» **Task material**

▬▬▬▬▬▬▬▬▬▬

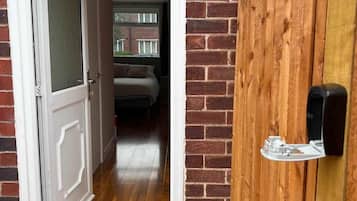 A doorway leading to a room with a bed and a window, a wooden fence, and a welcome mat with 'YAY!' on it.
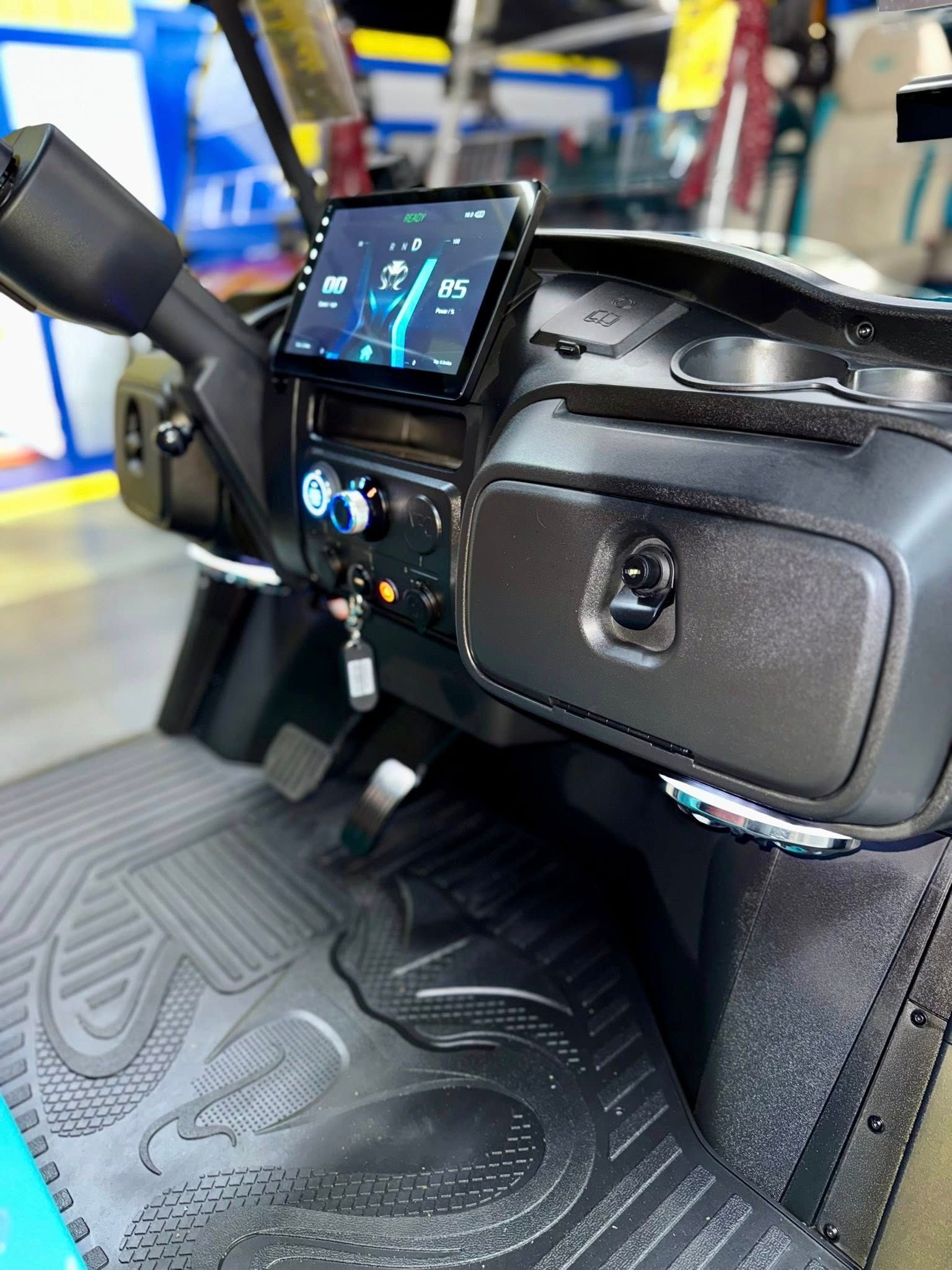 Dashboard of a golf cart with a digital display, cup holders, and a key.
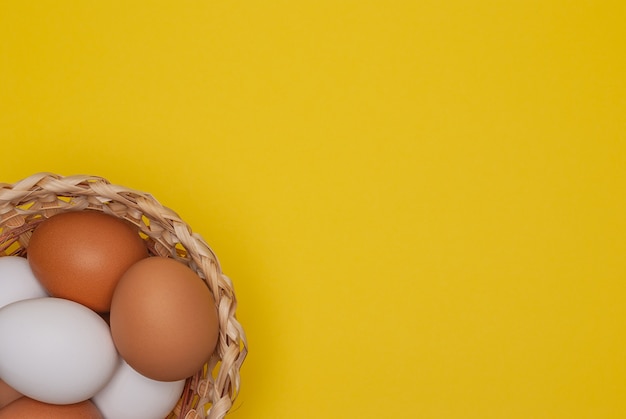 Oeufs blancs et bruns dans le panier avec espace de copie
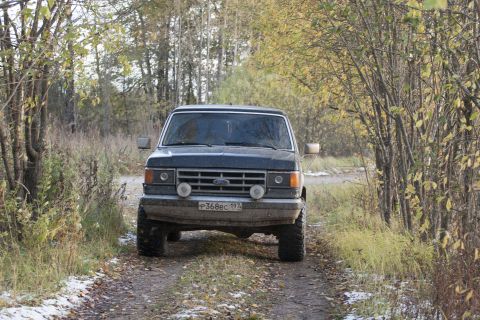 1987 Ford Bronco - A dark-colored Ford Bronco is parked on a dirt road surrounded by trees in autumn.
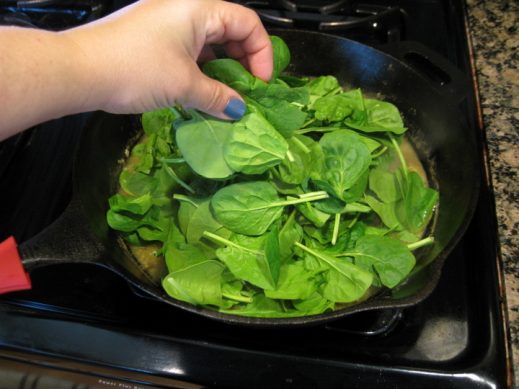 adding baby spinach to lemon garlic sauce in cast iron pan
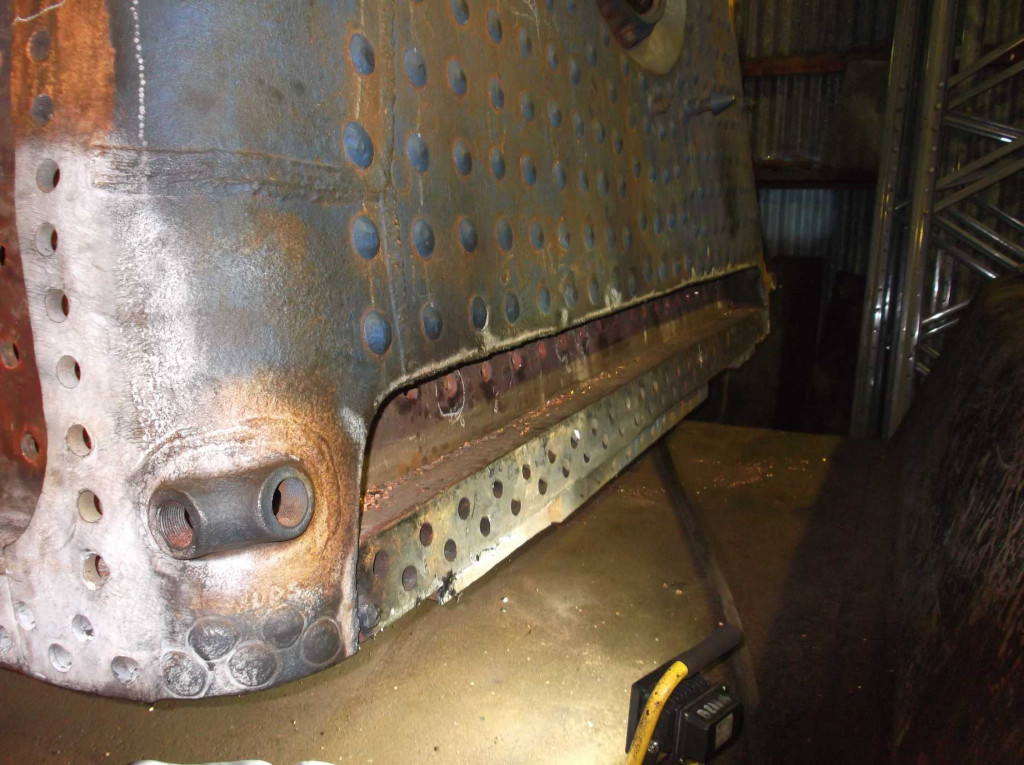 A view across the back of the boiler with plate removed exposing the foundation ring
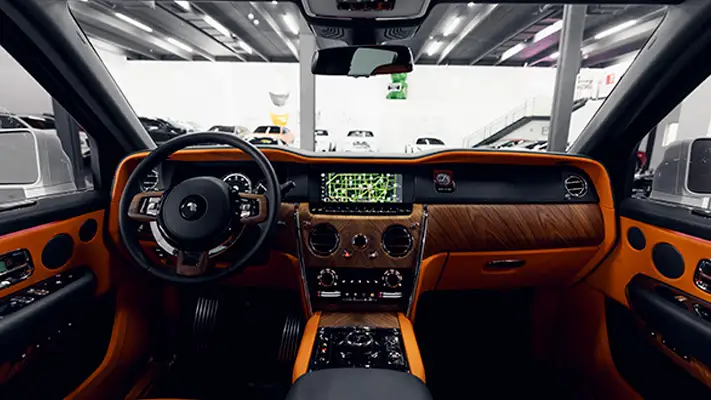 White exterior with orange interior Rolls Royce Cullinan rental dashboard view mph club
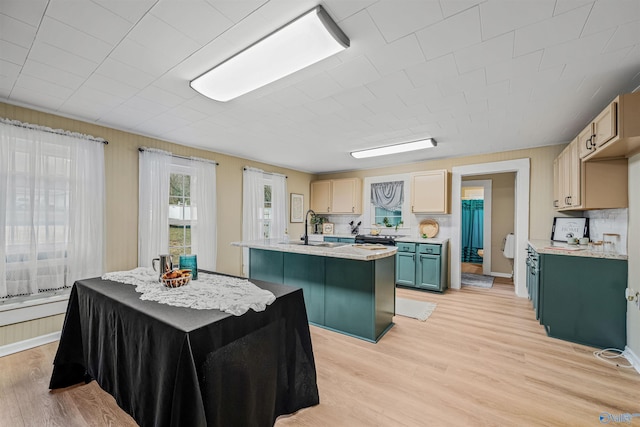 kitchen featuring sink, light wood-type flooring, an island with sink, and light brown cabinetry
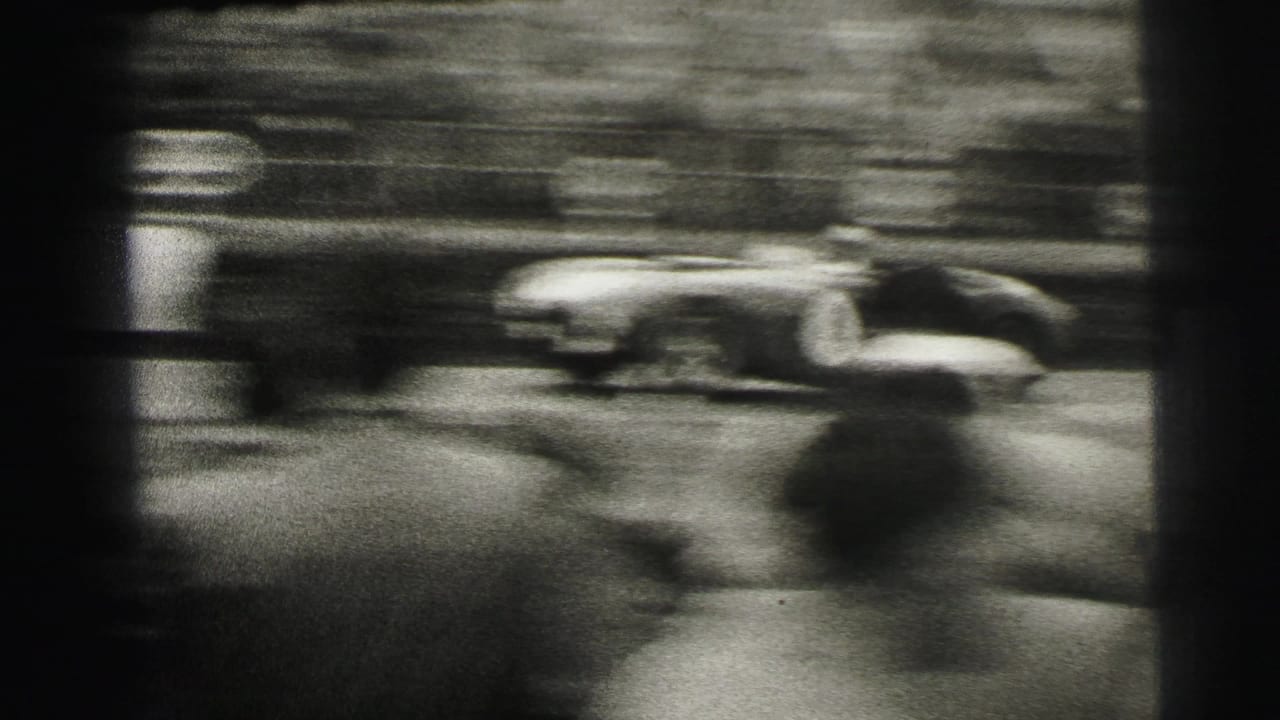 A low race car blurs across the frame with a packed Le Mans spectator area behind it.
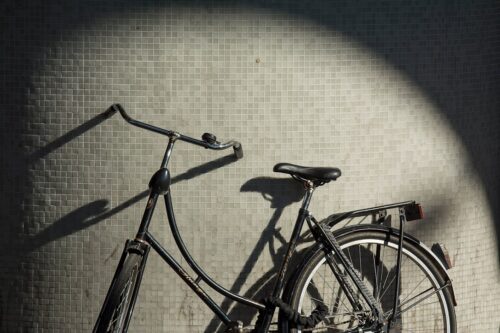 Black vintage bicycle parked against a gray tiled wall with a spotlight circle of light on the wall behind it.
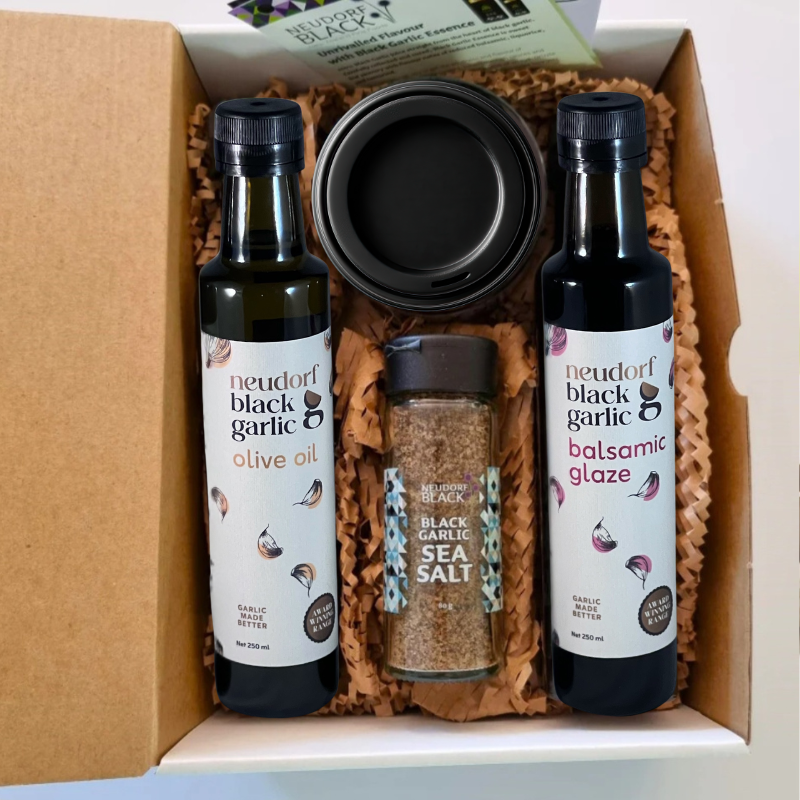 A gift box set containing two bottles of Neudorf Black Garlic products, an olive oil bottle and a balsamic glaze bottle, a jar of black garlic sea salt, and a jar of puree, arranged in brown paper shred inside a cardboard box.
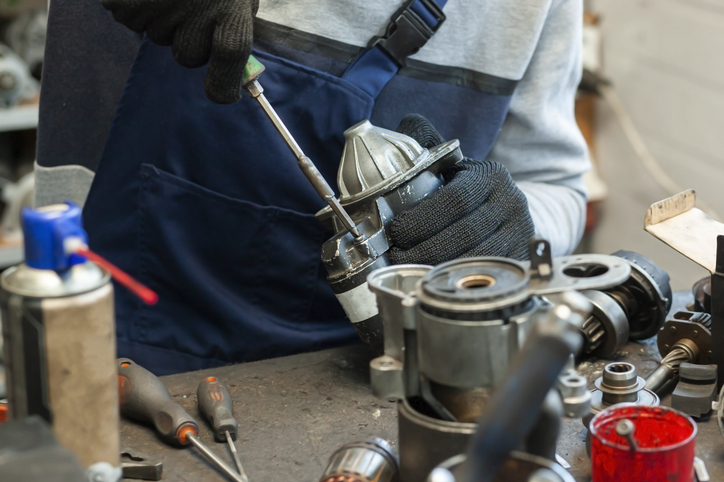 Technicien expérimenté guidant un collègue en reconversion dans l’industrie auto
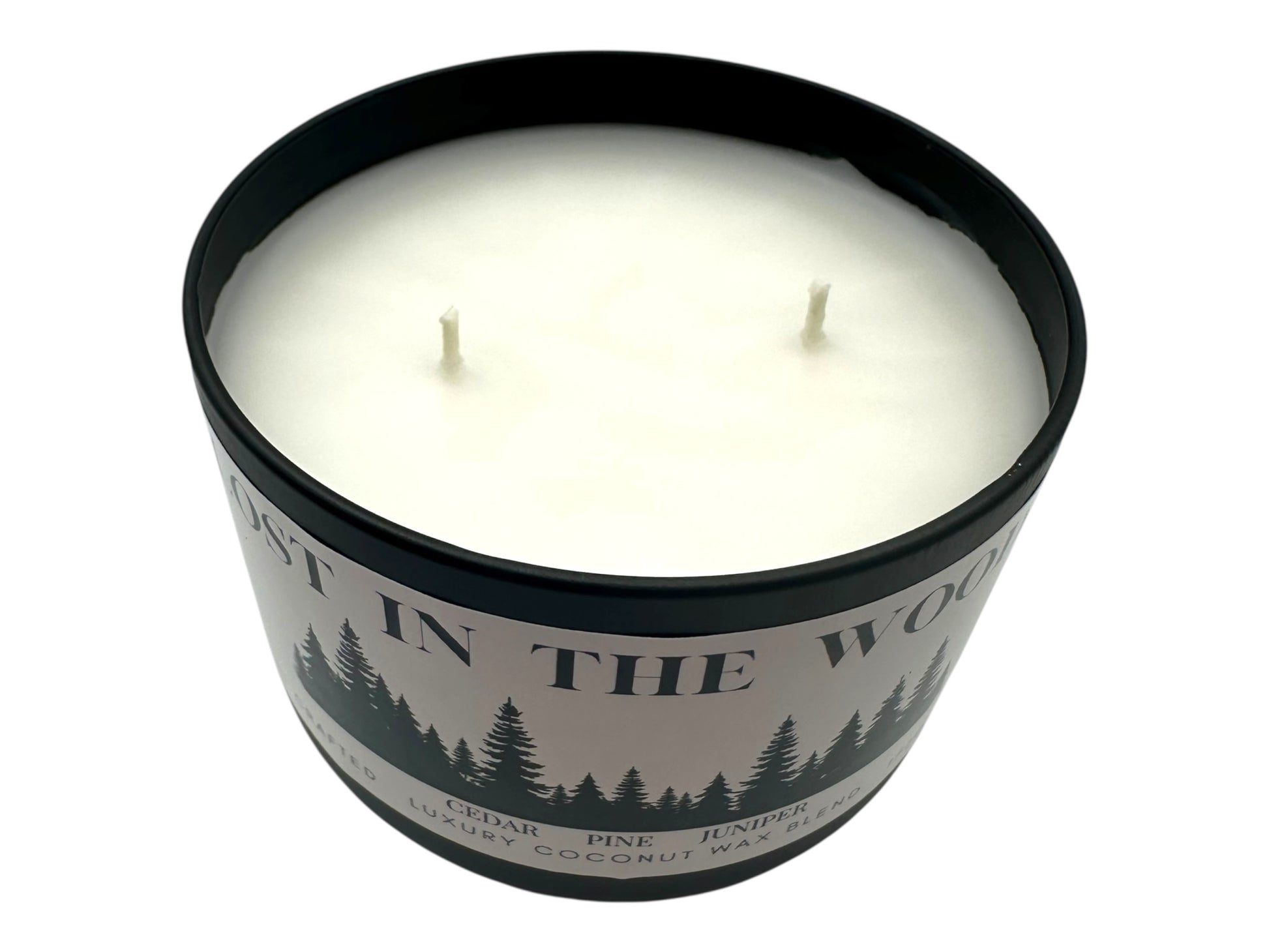 A black candle tin labeled "Lost in the Woods" with lid removed two wicks and as smooth candle top on a white background.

▬▬▬▬▬▬▬▬▬▬

» **Work request**
Above are some records; extract exactly the lines from the one containing "A view across" through the one containing "A gift box set" and drop the pictures.

» **Task solution**
 A view across the back of the boiler with plate removed exposing the foundation ring
 White exterior with orange interior Rolls Royce Cullinan rental dashboard view mph club
 kitchen featuring sink, light wood-type flooring, an island with sink, and light brown cabinetry
 A low race car blurs across the frame with a packed Le Mans spectator area behind it.
 Black vintage bicycle parked against a gray tiled wall with a spotlight circle of light on the wall behind it.
 A gift box set containing two bottles of Neudorf Black Garlic products, an olive oil bottle and a balsamic glaze bottle, a jar of black garlic sea salt, and a jar of puree, arranged in brown paper shred inside a cardboard box.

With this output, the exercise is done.